CBS News Correspondent Vince Gonzales reports that prosecutors do not get to cross-examine Jackson on those statements and may never get to question him unless his attorneys feel the singer needs to take the stand in his own defense.

Jackson's lawyers are expected to show more from video in court on Thursday.

During Culkin's testimony, the actor acknowledged sleeping in Jackson's bed several times between the ages of 10 and 14 — sometimes with other boys as well.

The pair's real bond was in shared experiences as child stars, said Culkin, who was just a boy when his wide-eyed role in "Home Alone" made him a household name.

Culkin said both he and Jackson were child stars who lost their childhood to fame and celebrity and that helps explain the singer's child-like behavior and his fascination with young boys, reports Gonzales.

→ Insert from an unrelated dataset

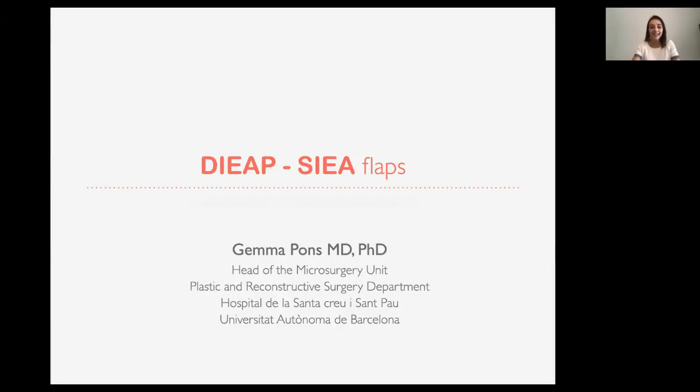Hello to everybody. I have the pleasure to be a speaker in this master series and I would like to thank Eric Santa Maria for the webinar and all his team for the organization.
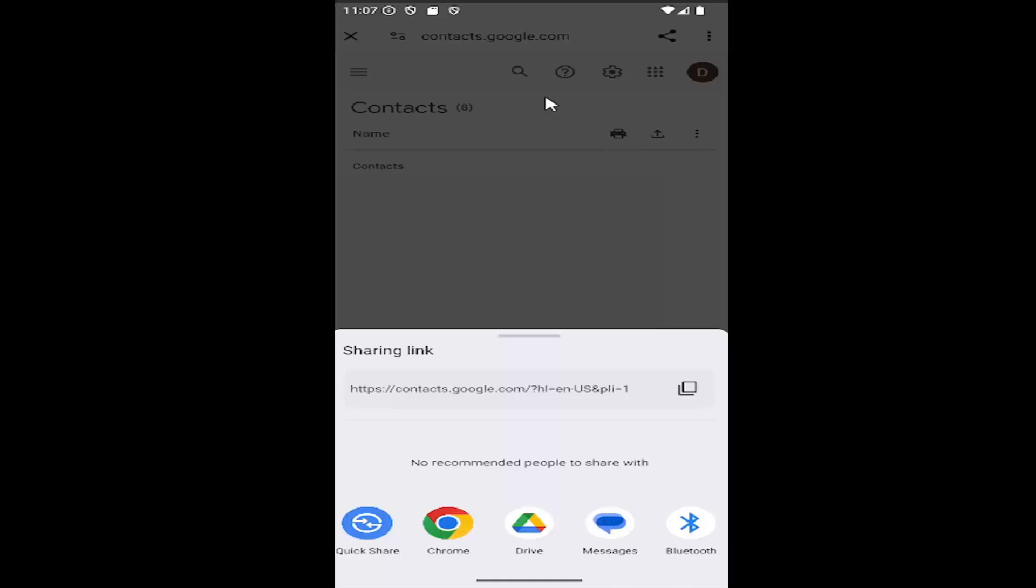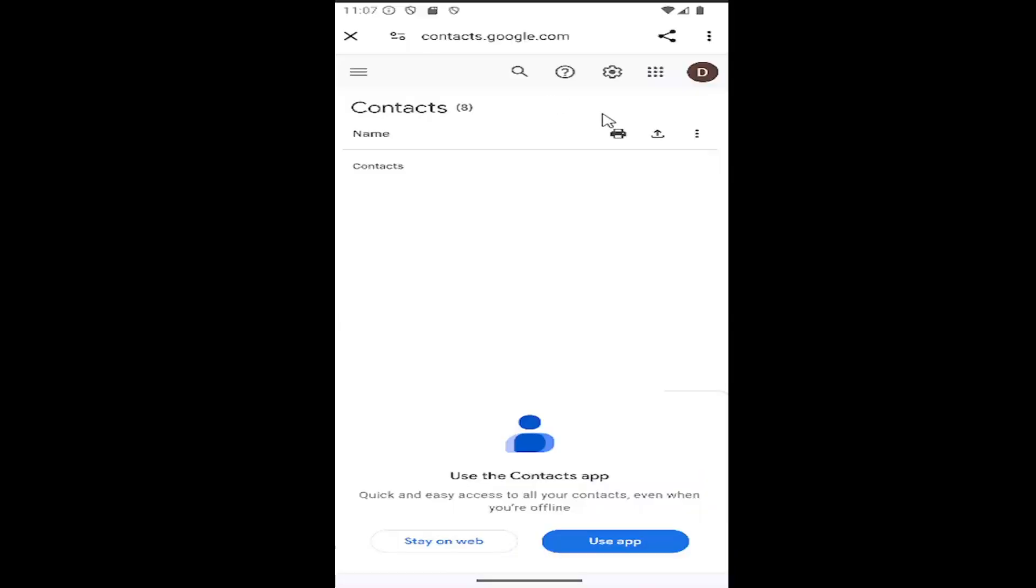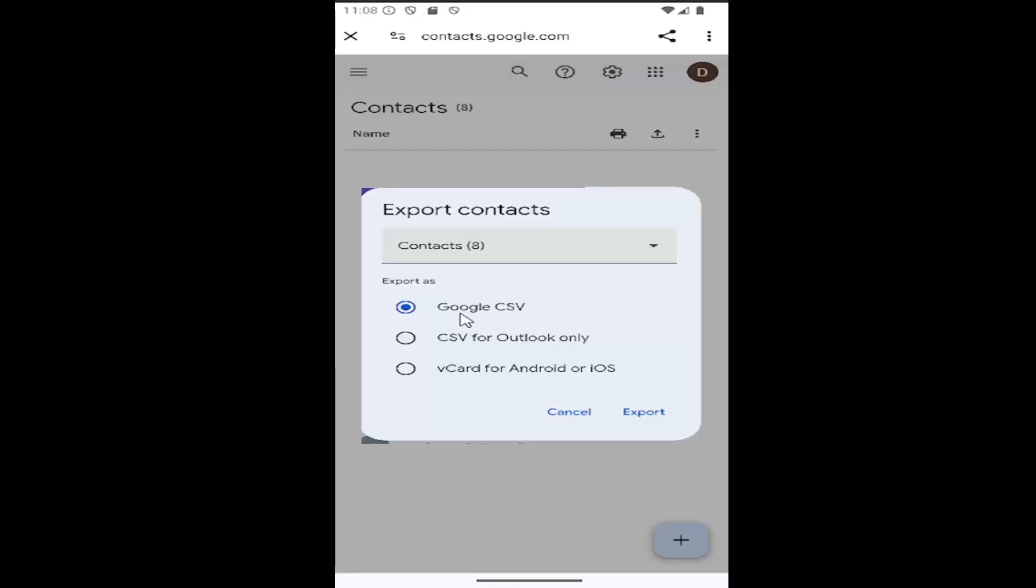If you click out of here, another option is to click the little up arrow next to the name column up at the top. If you select that, there's an option to export to Google CSV file. You could do CSV for Outlook only. You could also do a vCard for Android or iOS and then select export. So that's another way to share it too.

"One day I'm just a normal kid who was an actor, and the next day people are hiding under bushes trying to take your picture," said Culkin, now 24. "You can't find other people who have been in these circumstances."

Culkin said he knew he and Jackson were "part of a unique group" and it was "a very comforting thing." When he spoke about how "profiteers" were out to get him, he said, Jackson understood because "he had lived through it."

Culkin rejected suggestions that he might have been molested in his sleep, saying: "I find that unlikely. I think I'd realize that something like that was happening to me."

He also dismissed a prosecution display of sex magazines seized from Jackson's home, saying he used to keep Playboys under his own bed as a boy. Culkin was the third young man to testify that he slept with Jackson at Neverland as a boy but was not molested.

Copeland told Early Show co-anchor Hannah Storm that Culkin was effective for a number of reasons.

"He categorically denied that Michael Jackson has ever molested him or inappropriately touched him," Copeland said. "He also really put an end, I think, to the prosecution's notion that there was a pattern, a pattern of families, a pattern of young boys that Michael Jackson chose and targeted for his acts of molestation."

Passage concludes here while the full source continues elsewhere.